Une équipe du Département d'Astrophysique, en collaboration avec la compagnie privée Iris.AI, a montré pour la première fois que l'on pouvait trouver dans des études de biologie des informations pertinentes pour mieux comprendre le milieu interstellaire. Ces résultats paraîtront bientôt dans le Journal of Interdisciplinary Methodologies and Issues in Science.
Le but de cette étude était d'explorer l'énigme des Bandes Diffuses Interstellaires (DIBs), une forêt de centaines de bandes en absorption dans le domaine visible, dont l'origine est encore inconnue, exactement un siècle après leur découverte en 1922. Ces bandes sont présentes dès que l'on observe un spectre stellaire. Quelques années après leur découverte, les astrophysiciens avaient compris que leur origine était interstellaire, car leur intensité est corrélée avec l'extinction par la poussière le long de la ligne de visée et indépendante des caractéristiques stellaires. Il est maintenant acquis que les DIBs doivent être portés par des molécules organiques d'une centaine d'atomes, main on ignore lesquelles. L'équipe pluridisciplinaire, constituée d'astrophysiciens et de développeurs d'outils de linguistique informatique de la compagnie Iris.AI, a mis en œuvre la technique de Traitement Automatique du Langage (TAL), l'une des branches de l'apprentissage statistique qui s'applique à l'analyse de textes écrits. Ils ont développé une intelligence artificielle qui a lu 1,5 millions d'articles scientifiques de tous les domaines, et s'est spécialisée en lisant le millier d'articles traitant des DIBs.

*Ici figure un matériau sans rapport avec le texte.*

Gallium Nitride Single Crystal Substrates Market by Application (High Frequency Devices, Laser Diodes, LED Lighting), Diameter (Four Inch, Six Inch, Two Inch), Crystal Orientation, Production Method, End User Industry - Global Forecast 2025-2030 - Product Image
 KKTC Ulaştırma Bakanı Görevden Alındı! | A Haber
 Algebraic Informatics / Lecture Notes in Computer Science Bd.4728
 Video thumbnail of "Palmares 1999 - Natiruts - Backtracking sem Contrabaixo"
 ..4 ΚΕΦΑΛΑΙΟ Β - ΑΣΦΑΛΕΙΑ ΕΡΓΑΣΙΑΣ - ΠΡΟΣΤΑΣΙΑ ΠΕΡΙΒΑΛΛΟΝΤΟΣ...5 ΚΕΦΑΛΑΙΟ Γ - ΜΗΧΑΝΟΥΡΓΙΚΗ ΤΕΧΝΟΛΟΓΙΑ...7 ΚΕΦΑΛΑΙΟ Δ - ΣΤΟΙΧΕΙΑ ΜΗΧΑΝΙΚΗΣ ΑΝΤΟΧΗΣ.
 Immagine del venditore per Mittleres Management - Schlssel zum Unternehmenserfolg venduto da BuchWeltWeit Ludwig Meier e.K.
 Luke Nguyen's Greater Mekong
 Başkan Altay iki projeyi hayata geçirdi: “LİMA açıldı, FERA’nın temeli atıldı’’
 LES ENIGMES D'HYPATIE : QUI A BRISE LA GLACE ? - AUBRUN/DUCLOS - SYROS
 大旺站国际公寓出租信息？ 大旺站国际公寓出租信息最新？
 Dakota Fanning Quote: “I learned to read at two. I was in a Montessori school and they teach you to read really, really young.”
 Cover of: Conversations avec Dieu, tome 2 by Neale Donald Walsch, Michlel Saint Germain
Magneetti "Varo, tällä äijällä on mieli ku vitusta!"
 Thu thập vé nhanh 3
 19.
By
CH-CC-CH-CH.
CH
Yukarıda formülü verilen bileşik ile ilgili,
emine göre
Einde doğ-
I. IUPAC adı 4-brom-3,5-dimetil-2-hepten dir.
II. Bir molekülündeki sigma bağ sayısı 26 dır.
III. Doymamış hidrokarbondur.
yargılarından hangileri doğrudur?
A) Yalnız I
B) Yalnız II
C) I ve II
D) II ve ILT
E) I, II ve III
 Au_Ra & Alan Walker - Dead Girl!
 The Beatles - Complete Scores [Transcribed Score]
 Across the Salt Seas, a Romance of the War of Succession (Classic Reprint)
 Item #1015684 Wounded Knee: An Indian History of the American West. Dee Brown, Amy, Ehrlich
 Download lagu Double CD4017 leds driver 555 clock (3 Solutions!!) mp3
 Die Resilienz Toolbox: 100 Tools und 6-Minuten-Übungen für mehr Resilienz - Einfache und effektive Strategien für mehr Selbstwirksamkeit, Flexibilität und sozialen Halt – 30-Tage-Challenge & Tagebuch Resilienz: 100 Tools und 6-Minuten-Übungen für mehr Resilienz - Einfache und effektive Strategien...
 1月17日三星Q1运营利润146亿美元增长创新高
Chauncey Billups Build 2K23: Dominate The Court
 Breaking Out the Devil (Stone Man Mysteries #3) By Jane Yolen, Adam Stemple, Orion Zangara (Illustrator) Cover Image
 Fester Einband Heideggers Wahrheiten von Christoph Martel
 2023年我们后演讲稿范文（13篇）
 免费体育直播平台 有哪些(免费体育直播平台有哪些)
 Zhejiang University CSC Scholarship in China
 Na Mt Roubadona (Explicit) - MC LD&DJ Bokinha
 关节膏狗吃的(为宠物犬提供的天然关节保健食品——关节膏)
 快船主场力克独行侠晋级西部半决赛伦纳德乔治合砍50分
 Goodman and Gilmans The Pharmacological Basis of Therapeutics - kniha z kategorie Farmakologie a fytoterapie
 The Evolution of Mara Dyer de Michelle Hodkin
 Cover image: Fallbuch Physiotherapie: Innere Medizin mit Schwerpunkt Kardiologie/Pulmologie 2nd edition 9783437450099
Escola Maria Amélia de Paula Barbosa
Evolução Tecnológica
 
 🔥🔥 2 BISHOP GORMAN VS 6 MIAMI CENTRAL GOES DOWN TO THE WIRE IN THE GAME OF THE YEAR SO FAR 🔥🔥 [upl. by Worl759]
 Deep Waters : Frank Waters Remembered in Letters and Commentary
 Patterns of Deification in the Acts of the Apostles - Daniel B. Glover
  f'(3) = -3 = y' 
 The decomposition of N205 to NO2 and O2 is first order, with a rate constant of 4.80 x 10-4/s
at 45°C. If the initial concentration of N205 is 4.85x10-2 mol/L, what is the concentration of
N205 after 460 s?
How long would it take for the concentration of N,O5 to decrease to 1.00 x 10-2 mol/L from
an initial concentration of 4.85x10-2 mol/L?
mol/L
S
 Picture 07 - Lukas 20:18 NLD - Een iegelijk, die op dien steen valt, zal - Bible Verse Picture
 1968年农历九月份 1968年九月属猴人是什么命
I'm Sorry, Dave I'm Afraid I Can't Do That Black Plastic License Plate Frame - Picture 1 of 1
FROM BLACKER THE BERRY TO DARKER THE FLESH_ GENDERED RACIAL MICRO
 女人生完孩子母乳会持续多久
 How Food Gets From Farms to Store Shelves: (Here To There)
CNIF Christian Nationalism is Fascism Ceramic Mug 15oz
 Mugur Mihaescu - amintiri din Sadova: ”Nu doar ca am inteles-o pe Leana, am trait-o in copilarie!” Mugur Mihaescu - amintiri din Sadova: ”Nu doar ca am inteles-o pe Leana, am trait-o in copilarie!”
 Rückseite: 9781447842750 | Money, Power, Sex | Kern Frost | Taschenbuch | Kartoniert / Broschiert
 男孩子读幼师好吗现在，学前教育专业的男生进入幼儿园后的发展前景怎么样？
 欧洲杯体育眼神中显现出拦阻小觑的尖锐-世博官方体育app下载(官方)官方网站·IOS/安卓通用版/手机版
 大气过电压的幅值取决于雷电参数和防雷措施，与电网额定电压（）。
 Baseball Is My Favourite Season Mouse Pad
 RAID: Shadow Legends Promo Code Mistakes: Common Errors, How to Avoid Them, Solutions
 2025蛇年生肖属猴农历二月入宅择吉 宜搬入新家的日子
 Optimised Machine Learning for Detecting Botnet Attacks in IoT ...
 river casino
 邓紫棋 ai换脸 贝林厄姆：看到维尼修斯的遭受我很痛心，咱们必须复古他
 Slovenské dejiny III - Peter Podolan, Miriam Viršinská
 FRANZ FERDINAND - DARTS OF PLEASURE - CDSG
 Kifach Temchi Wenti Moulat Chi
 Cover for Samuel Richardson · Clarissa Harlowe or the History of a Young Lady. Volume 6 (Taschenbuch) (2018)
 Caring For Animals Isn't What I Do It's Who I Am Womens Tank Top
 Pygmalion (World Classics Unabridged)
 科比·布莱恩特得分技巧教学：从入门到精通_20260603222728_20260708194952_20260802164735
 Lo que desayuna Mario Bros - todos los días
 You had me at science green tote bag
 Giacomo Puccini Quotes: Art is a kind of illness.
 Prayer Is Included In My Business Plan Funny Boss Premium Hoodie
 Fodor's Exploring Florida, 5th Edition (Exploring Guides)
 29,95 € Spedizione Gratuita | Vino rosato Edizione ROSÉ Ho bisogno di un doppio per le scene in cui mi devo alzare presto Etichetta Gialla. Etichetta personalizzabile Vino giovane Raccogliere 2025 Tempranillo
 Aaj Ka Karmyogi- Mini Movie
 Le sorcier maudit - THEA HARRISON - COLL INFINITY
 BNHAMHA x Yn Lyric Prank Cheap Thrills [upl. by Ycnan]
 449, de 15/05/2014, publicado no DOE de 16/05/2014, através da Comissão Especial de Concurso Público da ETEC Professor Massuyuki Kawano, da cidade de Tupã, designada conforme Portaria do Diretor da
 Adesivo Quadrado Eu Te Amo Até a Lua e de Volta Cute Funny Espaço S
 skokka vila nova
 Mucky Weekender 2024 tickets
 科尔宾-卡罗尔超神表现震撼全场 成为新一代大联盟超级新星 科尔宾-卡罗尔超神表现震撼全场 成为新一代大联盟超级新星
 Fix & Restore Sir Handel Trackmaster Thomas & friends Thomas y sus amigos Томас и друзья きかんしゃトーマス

Cette intelligence artificielle a ainsi mis en évidence une douzaine de publications, toutes en biologie, mesurant des transitions de molécules dont un grand nombre de raies correspondent à des DIBs. Ces études se répartissent en deux catégories. Une première série porte sur l'étude des pigments visuels de divers animaux, dont la chimère éléphant, le dauphin et certains papillons. Les transitions observées de ces pigments proviennent toutes de chromophores, une famille de groupements moléculaires organiques. La deuxième catégorie concerne la molécule d'hème (qui est à la base de l'hémoglobine) ou ses dérivés. Il se trouve que l'existence dans le milieu interstellaire de ces deux classes de molécules a été suggérée de manière indépendante dans la littérature, mais le rapprochement avec les DIBs n'avait pas été fait.
Ces résultats ouvrent donc des pistes de travail pour isoler et étudier ces familles de molécules en laboratoire. Grâce à cette preuve de concept, la collaboration va maintenant perfectionner le code et explorer une plus grande base de données bibiographiques. Ces premières études démontrent aussi la pertinence du TAL pour croiser des informations interdisciplinaires afin de proposer de nouvelles pistes de recherche, une méthode qui est appelée à prendre de l'importance avec le développement de l'intelligence artificielle.